Como eu disse antes, um novo CD começa na faixa 11. "No Love Lost" (12/1977) é uma das melhores canções dos primórdios da banda, com uma ótima introdução instrumental e um refrão eletrizante. "Failures" (12/1977) é uma das faixas mais rápidas da banda; a letra tem um tom meio existencialista ("Don't speak of safe Messiahs / A failure of the modern man"). 

"Glass" (10/1978) é uma música com um ritmo surpreendentemente funk, particularmente na linha de baixo de Hook. 

"From Safety to Where...?" (04/1979) evoca desespero existencial, e se encaixaria perfeitamente em Unknown Pleasures (e de fato foi gravada durante as sessões desse álbum).

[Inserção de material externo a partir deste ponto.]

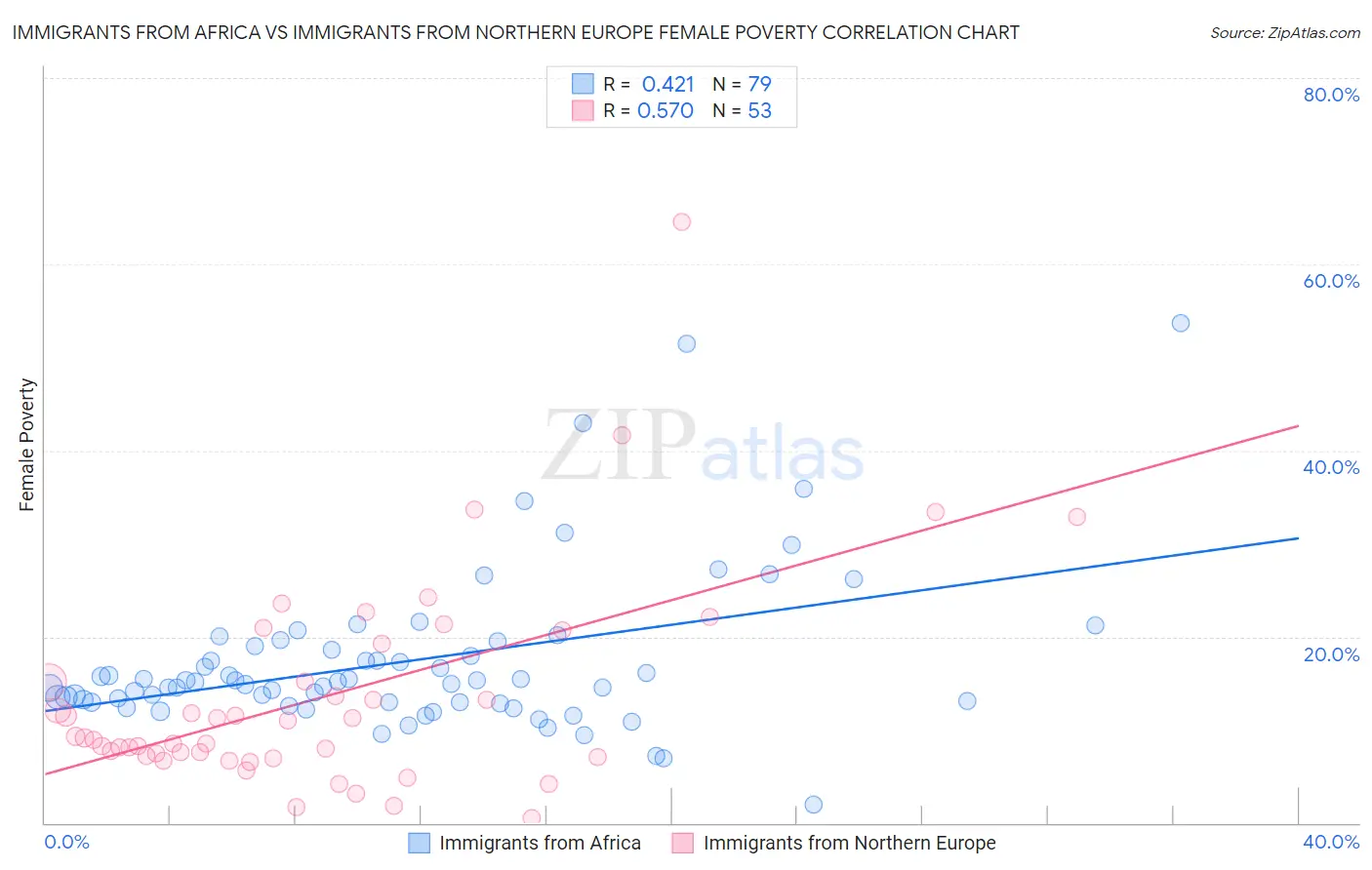 Immigrants from Africa vs Immigrants from Northern Europe Female Poverty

"Novelty" (07/1979) é uma das joias escondidas de Substance; é uma demonstração muito boa de como a banda - com uma ajudinha de Hannett - desacelerou suas músicas e, com isso, as deixou mais sombrias e reflexivas ("But you're the only one responsible to take the blame / So what ya gonna do when the novelty has gone?").

"Komakino" (03/1980), curiosamente o único lado A nesta parte do álbum ("Incubation" era seu lado B), foi gravada durante as sessões de Closer; é uma canção paradoxalmente vigorosa e triste. "As You Said" (03/1980), também gravada nas sessões do segundo e último álbum de estúdio da banda, é o sinal mais explícito do crescente interesse de seus integrantes por sintetizadores, algo que se consolidaria no New Order. 



"These Days" (01/1980) é outro destaque desta compilação; embora sua gravação pudesse ter sido melhor (a bateria não é tão proeminente quanto em outras faixas), os vocais são tão bons e as letras são tão surpreendentemente edificantes ("We'll drift through it all, it's the modern age / Take care of it all now these debts are paid") que ainda assim é uma das melhores faixas do JD. Aliás, no mesmo dia da sessão de "These Days", em 8 de Janeiro de 1980, o Joy Division gravou a primeira versão de "Love Will Tear Us Apart" (01/1980), um pouco mais rápida que a regravação de março (e sem os vocais inspirados em Frank Sinatra que Ian adotou na versão posterior). Sua introdução de guitarra é muito bonita, mas prefiro a regravação, especialmente pela bateria e teclados aprimorados.

Em suma, Substance é um disco tão indispensável que cabe indagar por que não foi lançado em 1981, ao invés de Still (que é uma coletânea irregular, composta por outtakes e gravações ao vivo com qualidade de áudio inferior - e sem ordem cronológica). Um motivo plausível é que naquela época o New Order estava focado em sua própria carreira, então parece compreensível que eles esperassem até seu próprio Substance (1987) para revisitar cuidadosamente seu legado dos tempos de Joy Division com esta antologia homônima. Antes tarde do que nunca; ambos os álbuns estão entre os melhores dos anos 80.